The sunrise was late this morning due to our fast travels west at this latitude, and tonight begins 10 time changes on board before we get a break again. This morning we entered into the Chukchi Sea and were abeam of Wainwright, Alaska, population 556. Here in 2009 the BLOB was discovered (Chukchi Sea Algae), a previously unknown under ice sea bloom 20 to 60 km long. Very interesting for scientist as it changes what was previously thought of eco systems under the ice.

October 3, 2014 10:34 am

M/V NUNAVIK crossed the Arctic Circle some time on Oct. 1, thus officially completing the NW Passage.
Their log had this interesting bit about the

Early this morning we passed the Teck Red Dog Mine. This mine is the world’s largest producer of zinc accounting for 10% of all production and holds the largest known reserve. Fednav works with Red Dog to ship their product to market. We were hoping to see a sister Fednav vessel, but none in sight so far.

Wikipedia Geology section says in part:

They are stratiform massive sulfide bodies hosted in Carboniferous black shale and altered carbonates.[11] Mesozoic mountain-building tectonic events (i.e. the Brookian orogen that built the Brooks Range) deformed and thrust faulted the sedimentary strata that host the deposits and the deposits themselves.
…. Zinc, lead, silver, and barium were deposited in black muds and carbonates on or beneath the seafloor, in a deep quiet ocean basin [probably involving black smokers], some 338 million years ago in the Mississippian period.[14]
Fluids probably percolated through a huge mass (hundreds of square kilometers) of sediments. The nature of the fluids caused them to absorb and concentrate trace amounts of zinc and lead contained in the rocks the fluids were passing through.

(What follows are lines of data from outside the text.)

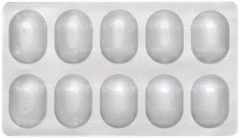 Linaxa M Xr 5/1000 Tablet 10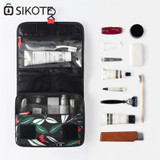 SIKOTE Travel Organizer Bag Women Cosmetic Bag Hanging Unisex Travel Makeup Bags Washing Toiletry Kits Storage Bags SIKOTE Travel Organizer Bag Women Cosmetic Bag Hanging Unisex Travel Makeup Bags Washing Toiletry Kits Storage Bags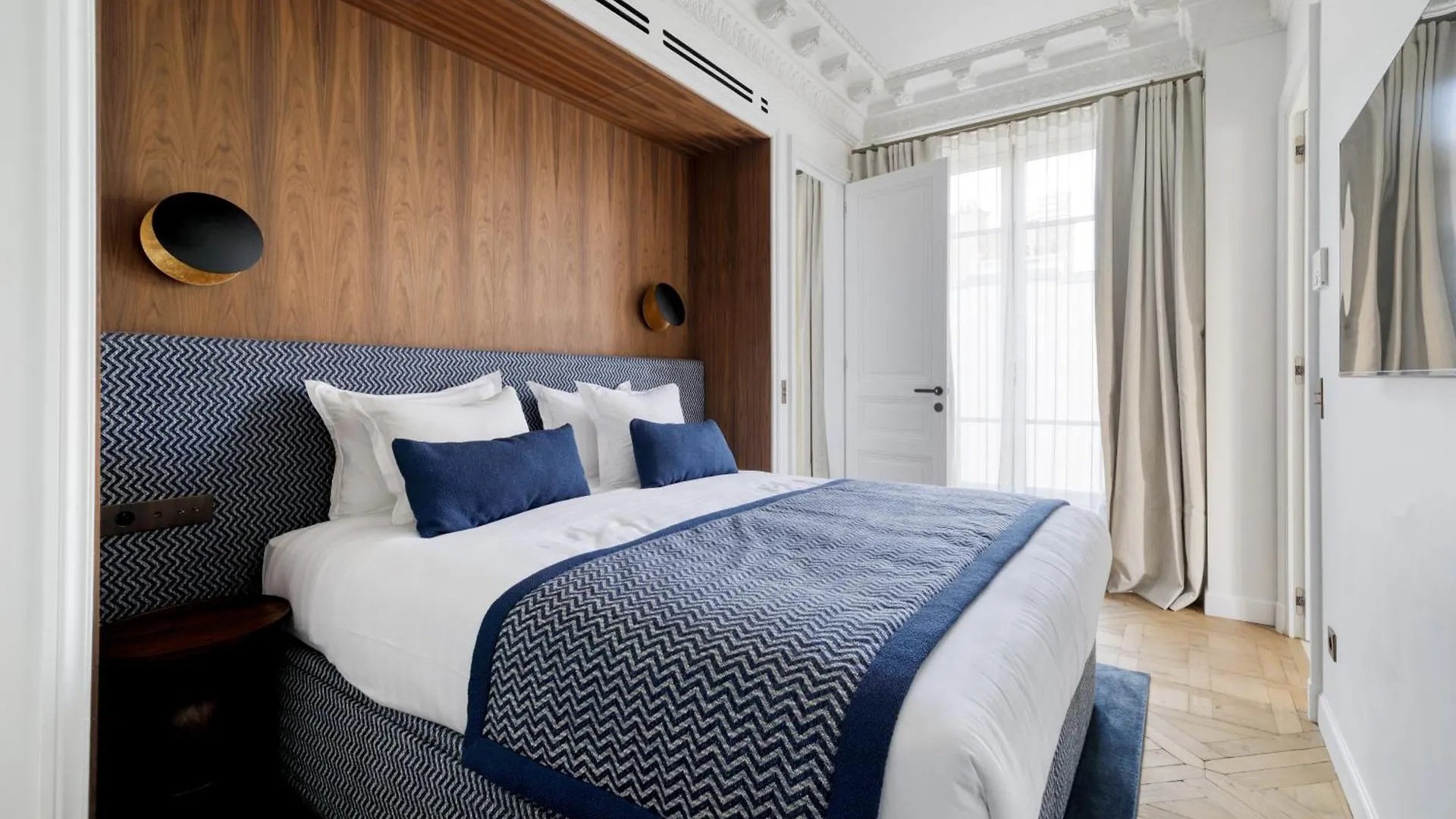 Oniri - Serviced Apartments In Louvre - Rue De Rivoli 파리 프랑스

These metals were then caused to precipitate, by chemical or biological or physical agents [a rather big range of uncertainty there…], from the fluid onto or into the seafloor to form the Red Dog deposits.

There are 4 ore bodies totaling about 90 million metric tons of 15-24% zinc. [!!]
The Economics section says that the native Alaskan Tribes receive a 4.5% royalty until mine capital payout (which happened in 2007), then 25% increasing 5% per year to 50% royalty [which must be where it is today]. This is worth several hundred million dollars per year to the native corporations.
[I wonder whether that is a 50% royalty on gross revenue or on net profits. If the former, it shortens the life of the mine considerably.]